Andami’s creative and inquisitive mind allowed her to become a researcher. She led and completed research in the field of bacteriology of hospital infections, and was able to publish the results of this research in reputable medical journals. Then, on a scholarship from Pasteur Institute, she went to Paris to specialize in bacteriology and received her degree in 1967.

Andami’s deep knowledge of bacteriology enabled her to develop a vaccine against El Tor, a strain of cholera bacterium. It was the dominant strain in the cholera pandemic that started in 1961 in Java, Indonesia, and moved westward to reach Iran and its neighbors.

To fight this pandemic, Pasteur Institute let its microbiology lab have complete use of all the institute’s resources and facilities and put the project under the full control of Andami. She worked tirelessly and without taking breaks of any kind until the project reached its goal: a vaccine to prevent contracting the disease that spread through human feces and contaminated water and food.

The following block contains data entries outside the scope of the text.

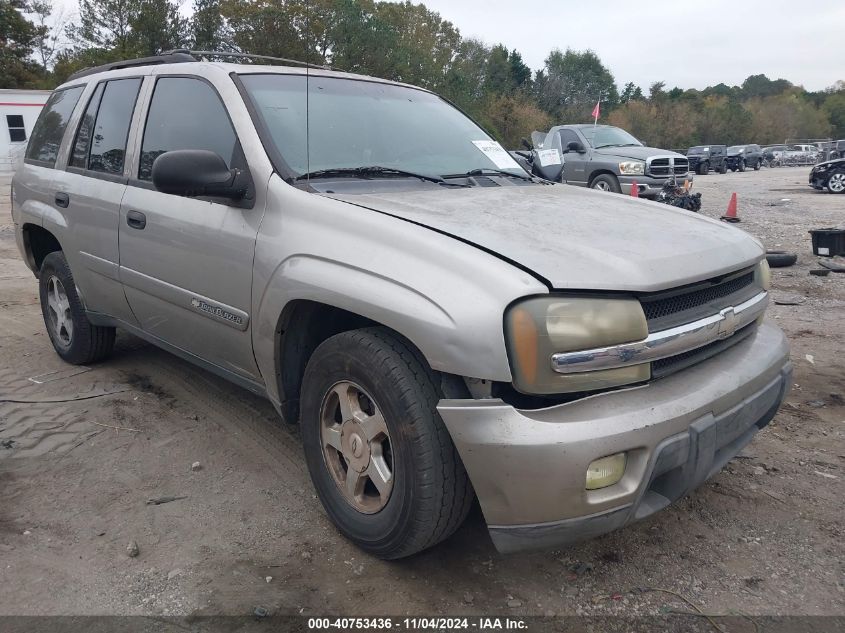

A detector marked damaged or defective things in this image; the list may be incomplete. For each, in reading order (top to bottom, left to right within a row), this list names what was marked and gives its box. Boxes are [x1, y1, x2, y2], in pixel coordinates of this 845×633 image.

damaged front bumper [438, 324, 788, 552]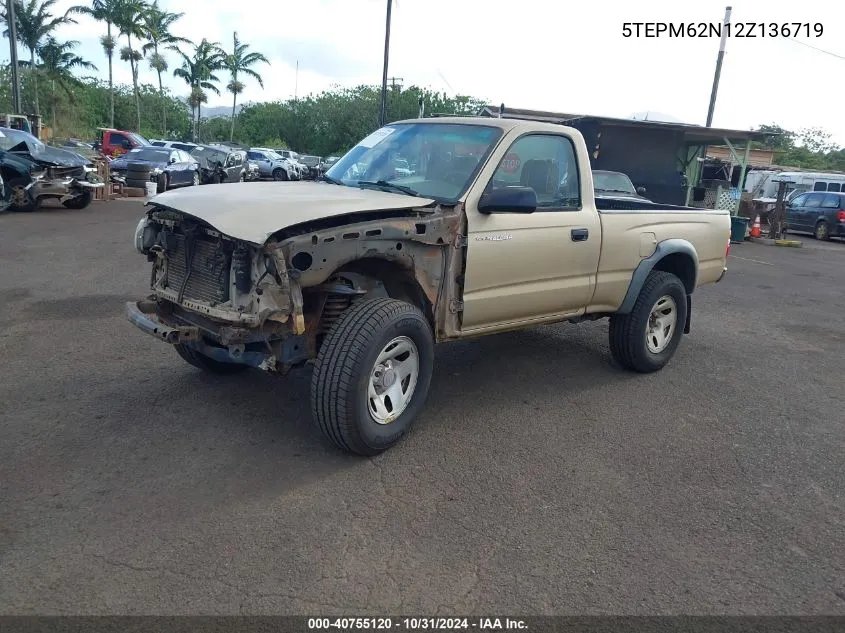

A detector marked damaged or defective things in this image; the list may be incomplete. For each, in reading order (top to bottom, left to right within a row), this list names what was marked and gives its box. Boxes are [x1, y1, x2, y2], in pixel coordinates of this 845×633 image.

crumpled hood [147, 183, 436, 244]
truck front end damage [127, 200, 462, 372]
rusty fender [264, 207, 462, 336]
damaged pickup truck [127, 117, 732, 454]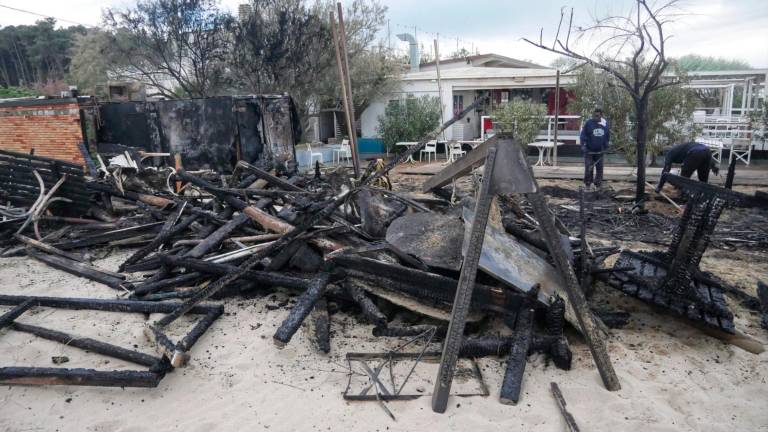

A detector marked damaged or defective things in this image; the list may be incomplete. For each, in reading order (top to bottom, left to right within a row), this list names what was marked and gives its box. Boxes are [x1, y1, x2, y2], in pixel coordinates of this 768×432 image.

charred wooden beam [27, 250, 131, 290]
burned debris pile [0, 114, 764, 416]
charred wooden beam [0, 368, 162, 388]
charred wooden beam [12, 320, 160, 368]
charred wooden beam [274, 274, 332, 348]
charred wooden beam [498, 308, 536, 404]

Pasteur Institute produced 9.5 million cholera vaccines and the inoculation of Iranians started, preventing the spread of El Tor and eventually stopping the pandemic in Iran. The vaccine was so effective that it went into mass production and was exported to neighboring countries.

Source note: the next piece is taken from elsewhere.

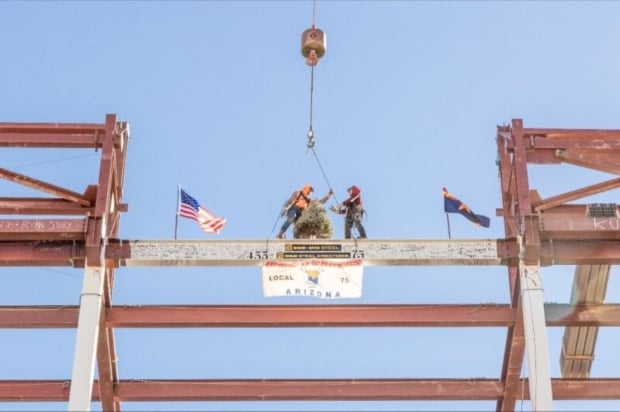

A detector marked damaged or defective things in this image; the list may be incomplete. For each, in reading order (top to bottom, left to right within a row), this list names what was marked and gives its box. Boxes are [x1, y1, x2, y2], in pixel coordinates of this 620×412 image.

rusty steel surface [1, 118, 620, 408]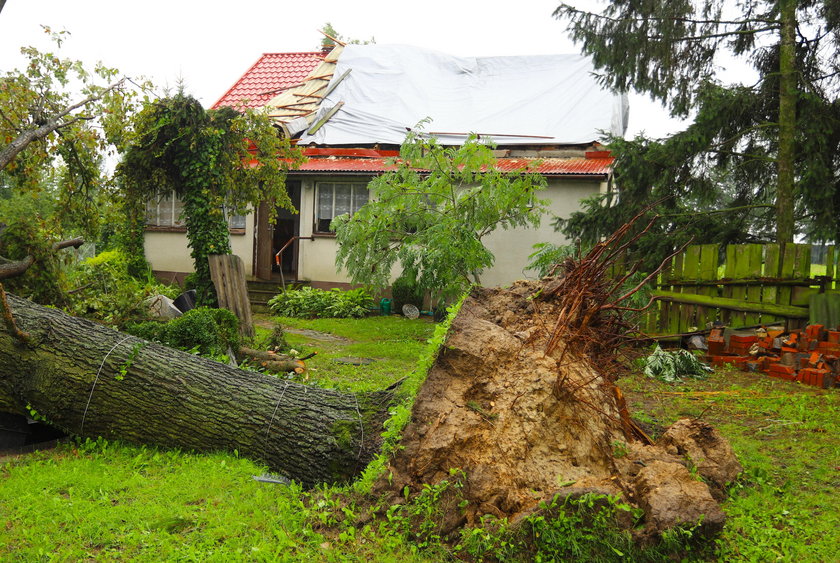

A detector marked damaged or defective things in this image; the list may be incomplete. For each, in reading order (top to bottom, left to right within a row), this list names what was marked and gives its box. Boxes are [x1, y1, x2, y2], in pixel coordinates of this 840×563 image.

damaged house [144, 43, 628, 290]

To acknowledge this significant achievement, Pasteur Institute put Andami in charge of its cholera and diphtheria division. But her passion for gaining knowledge to help humanity was not diminished and, in 1974, when she was 48, she received a degree in clinical laboratory science. She frequently traveled to Belgium and France for study and research, and wrote many research papers that were published in international scientific journals.

Andami retired shortly before the 1979 revolution but, even after retirement, sitting at home was not an option for her. She agreed to head Bahonar Hospital’s laboratory and treated patients at an obstetrics and gynecology clinic that belonged to her husband, Mansour Khalatbary.

Andami collapsed one day while examining a patient, and was diagnosed with a brain tumor. On August 19, 1984, she died of a pulmonary embolism, aged only 57, and was buried in Behesht Zahra Cemetery in Tehran.

“She was a hardworking and determined woman. In this institute, she never stopped working and researching for a single day, and I have never seen a woman with her perseverance and effort. She was one of the few people who the more she knew, the more she understood that there are many things she does not know, and her constant efforts and the dynamics and movement of her life indicate this claim,” said a colleague of hers at Pasteur Institute.

After the death of her mother, Azar’s daughter Azarmidokht Khalatbary sent a letter to the International Astronomical Union (IAU) in Paris, describing her contributions to humanity. As a result, on August 25, 1992, the institute named a crater on Venus “Andami” in her honor.

The city of her birth, Rasht, also named a street after the doctor and installed a bust of her.